2. Integrate genetic counseling referrals into the primary care setting
Genomic medicine is rapidly evolving, and its technologies are becoming increasingly complex. Many primary care providers lack both confidence and skill in genetic testing due to a lack of experience and training in this area.[8]
It is understandable that a PCP may not be well-versed in genetic testing and genomic medicine. However, they can be a conduit to connecting patients to genetic counselors, if appropriate, and PCPs can, and should, lean on genetic counselors to advise them when they feel that they don’t have the resources or the time to adequately address the expanse of genomic medicine. Genetic counselors can be an invaluable resource for providers, whose expertise can aid in guiding processes from appropriate test selection to results interpretation to helping patients and providers navigate next steps based on their results.

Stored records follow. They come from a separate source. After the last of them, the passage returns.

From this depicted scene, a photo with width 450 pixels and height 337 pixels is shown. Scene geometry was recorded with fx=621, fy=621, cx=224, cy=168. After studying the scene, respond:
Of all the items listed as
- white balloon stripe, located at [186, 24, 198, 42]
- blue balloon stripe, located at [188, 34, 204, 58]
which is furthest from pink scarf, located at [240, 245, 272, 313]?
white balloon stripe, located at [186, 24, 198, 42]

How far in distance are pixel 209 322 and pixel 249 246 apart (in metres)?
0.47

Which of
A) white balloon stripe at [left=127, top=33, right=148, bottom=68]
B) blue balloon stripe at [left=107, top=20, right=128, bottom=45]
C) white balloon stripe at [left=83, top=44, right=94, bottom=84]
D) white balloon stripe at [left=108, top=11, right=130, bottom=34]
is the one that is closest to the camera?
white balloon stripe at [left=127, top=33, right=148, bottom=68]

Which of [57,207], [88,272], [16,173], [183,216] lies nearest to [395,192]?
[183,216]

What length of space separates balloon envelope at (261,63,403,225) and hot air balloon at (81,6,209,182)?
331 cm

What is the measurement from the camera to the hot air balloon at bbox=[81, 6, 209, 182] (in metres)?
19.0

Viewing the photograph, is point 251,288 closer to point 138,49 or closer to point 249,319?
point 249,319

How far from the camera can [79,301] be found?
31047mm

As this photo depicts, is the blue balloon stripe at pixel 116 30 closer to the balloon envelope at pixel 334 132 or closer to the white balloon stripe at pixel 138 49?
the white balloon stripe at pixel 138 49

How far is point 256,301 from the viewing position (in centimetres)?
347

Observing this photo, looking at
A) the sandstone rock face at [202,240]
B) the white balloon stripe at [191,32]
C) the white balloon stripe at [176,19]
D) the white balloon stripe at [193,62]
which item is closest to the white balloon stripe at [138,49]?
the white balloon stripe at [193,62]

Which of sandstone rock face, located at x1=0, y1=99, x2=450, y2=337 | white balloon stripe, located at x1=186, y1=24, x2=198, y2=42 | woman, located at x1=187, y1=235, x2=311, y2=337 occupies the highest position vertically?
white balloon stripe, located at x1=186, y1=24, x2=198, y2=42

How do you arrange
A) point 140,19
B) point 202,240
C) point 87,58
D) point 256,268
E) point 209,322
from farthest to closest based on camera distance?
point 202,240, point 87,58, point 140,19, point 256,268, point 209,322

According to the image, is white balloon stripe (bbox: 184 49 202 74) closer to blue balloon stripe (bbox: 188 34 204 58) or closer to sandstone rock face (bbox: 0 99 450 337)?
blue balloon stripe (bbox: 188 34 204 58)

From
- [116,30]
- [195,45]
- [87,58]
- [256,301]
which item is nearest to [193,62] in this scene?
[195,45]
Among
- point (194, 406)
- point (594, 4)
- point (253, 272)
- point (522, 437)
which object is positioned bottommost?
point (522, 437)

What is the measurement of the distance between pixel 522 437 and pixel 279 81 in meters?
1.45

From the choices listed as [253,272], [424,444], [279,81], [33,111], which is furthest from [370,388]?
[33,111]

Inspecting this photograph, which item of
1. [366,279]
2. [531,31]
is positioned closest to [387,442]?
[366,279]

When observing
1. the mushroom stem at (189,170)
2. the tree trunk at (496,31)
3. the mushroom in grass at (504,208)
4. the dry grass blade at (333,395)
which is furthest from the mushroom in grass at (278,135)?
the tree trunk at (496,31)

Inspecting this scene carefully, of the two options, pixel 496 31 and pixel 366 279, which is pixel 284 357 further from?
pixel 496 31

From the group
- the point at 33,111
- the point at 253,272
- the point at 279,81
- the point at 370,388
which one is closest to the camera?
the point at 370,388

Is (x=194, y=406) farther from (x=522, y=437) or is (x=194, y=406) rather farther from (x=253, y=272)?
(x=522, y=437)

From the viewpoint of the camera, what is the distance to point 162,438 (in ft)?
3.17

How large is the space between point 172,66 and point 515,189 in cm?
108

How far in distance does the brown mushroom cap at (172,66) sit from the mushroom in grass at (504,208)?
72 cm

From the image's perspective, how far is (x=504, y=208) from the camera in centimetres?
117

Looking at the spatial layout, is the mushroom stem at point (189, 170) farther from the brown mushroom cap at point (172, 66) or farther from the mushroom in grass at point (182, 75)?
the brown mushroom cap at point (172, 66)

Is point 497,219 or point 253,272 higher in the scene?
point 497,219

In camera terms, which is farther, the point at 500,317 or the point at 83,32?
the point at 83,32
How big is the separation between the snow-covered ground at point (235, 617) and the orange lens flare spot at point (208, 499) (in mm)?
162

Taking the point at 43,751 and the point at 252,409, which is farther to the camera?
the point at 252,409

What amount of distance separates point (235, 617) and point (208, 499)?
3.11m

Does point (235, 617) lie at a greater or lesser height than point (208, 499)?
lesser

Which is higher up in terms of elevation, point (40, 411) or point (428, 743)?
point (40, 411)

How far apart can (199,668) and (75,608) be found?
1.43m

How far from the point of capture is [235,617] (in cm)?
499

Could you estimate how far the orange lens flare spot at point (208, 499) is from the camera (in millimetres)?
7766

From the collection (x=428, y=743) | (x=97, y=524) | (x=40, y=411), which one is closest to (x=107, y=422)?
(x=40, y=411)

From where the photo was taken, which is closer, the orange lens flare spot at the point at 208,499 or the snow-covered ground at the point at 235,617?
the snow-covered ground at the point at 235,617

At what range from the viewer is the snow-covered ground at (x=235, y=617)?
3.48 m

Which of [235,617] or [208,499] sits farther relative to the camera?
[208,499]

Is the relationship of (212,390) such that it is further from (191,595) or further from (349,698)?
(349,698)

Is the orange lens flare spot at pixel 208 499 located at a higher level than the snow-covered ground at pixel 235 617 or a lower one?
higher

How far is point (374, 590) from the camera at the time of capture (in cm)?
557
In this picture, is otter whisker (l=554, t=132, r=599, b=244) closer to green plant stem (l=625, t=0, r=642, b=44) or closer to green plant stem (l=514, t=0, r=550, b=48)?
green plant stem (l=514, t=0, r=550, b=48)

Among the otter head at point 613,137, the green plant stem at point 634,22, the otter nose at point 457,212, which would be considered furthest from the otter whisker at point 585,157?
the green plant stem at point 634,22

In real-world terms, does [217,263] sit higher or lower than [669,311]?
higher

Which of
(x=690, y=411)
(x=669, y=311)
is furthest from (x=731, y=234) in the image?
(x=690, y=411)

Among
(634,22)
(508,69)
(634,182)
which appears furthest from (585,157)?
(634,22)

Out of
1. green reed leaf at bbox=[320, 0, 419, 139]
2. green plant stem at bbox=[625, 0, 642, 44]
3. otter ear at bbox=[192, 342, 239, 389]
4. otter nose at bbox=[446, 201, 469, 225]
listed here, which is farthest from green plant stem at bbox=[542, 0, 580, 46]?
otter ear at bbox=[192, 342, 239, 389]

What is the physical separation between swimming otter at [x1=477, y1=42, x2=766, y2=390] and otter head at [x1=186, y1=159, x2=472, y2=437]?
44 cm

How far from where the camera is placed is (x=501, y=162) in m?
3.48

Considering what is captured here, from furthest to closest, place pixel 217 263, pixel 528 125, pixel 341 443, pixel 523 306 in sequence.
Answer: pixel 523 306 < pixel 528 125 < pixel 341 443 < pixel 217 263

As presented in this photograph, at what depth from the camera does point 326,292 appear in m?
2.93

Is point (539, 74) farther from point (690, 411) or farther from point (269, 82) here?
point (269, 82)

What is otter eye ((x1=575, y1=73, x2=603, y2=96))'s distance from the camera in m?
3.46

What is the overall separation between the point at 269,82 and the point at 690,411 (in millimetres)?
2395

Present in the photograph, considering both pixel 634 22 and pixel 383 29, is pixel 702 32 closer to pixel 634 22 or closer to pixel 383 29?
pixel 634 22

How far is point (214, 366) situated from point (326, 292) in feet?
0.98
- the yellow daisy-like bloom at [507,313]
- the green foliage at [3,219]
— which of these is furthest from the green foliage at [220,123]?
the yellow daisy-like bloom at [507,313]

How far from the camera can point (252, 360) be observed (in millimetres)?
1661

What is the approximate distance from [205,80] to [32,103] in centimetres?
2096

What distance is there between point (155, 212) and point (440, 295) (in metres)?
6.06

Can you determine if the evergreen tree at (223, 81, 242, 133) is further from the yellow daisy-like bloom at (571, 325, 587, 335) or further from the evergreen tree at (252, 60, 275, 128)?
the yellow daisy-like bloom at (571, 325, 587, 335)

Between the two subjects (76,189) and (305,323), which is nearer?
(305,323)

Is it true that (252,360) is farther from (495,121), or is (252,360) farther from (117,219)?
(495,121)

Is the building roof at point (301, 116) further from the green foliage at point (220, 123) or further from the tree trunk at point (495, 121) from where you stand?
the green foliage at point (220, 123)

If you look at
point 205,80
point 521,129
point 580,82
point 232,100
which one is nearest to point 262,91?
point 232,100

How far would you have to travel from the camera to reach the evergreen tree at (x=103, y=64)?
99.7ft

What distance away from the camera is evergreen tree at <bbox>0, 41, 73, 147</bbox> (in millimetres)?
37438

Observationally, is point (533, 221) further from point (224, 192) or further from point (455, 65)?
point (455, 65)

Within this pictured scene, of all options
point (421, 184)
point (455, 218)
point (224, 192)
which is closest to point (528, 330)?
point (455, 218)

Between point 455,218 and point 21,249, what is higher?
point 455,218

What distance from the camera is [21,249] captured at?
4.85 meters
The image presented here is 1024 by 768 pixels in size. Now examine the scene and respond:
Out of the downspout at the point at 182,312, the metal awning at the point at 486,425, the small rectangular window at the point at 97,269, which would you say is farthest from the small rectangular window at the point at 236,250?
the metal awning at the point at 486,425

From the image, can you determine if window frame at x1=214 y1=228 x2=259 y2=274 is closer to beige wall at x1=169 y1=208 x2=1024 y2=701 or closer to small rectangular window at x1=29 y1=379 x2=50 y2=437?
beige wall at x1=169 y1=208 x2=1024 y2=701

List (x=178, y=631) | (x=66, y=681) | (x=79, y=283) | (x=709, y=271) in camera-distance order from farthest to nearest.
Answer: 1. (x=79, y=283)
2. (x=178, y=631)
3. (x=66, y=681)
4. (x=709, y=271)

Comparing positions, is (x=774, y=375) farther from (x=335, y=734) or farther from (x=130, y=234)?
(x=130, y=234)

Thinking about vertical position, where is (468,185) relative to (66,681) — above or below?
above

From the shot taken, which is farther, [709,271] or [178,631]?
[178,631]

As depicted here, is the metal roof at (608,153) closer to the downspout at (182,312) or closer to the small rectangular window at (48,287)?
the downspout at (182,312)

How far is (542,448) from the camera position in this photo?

At Quest Diagnostics, PCPs and specialists can reach one of our board-certified genetic counselors or other experts through our genomics client services group to gain insights into genetic testing for their patients. They can also assist in connecting patients with resources to find a genetic counselor who can provide comprehensive counseling services and risk assessment.
3. Address disparities in access to genetic testing and counseling
This is perhaps the most complex in a web of complicated issues and barriers we must navigate to help increase access to genetic counseling and testing, and therefore increase testing for Lynch syndrome and other hereditary cancer syndromes.
The CDC has cited that many people with genetic disorders and inherited conditions like Lynch syndrome face barriers to health equity that are related to social determinants of health.[9] Among PCPs, common barriers to genetic services referrals include provider concerns about costs to patients and uncertainty of when a genetic referral is appropriate.[10]
There are patient barriers as well, like limited awareness and knowledge about genetic counseling/testing, concerns about cost, confidentiality, stigma, and discrimination, and the impact on the family.[11],[12]
Education of both patients and healthcare providers may reduce culturally and racially based obstacles to genetic testing. When deemed medically appropriate, advanced genetic testing technologies are supported by expert medical specialists, board-certified genetic counselors and covered by payers.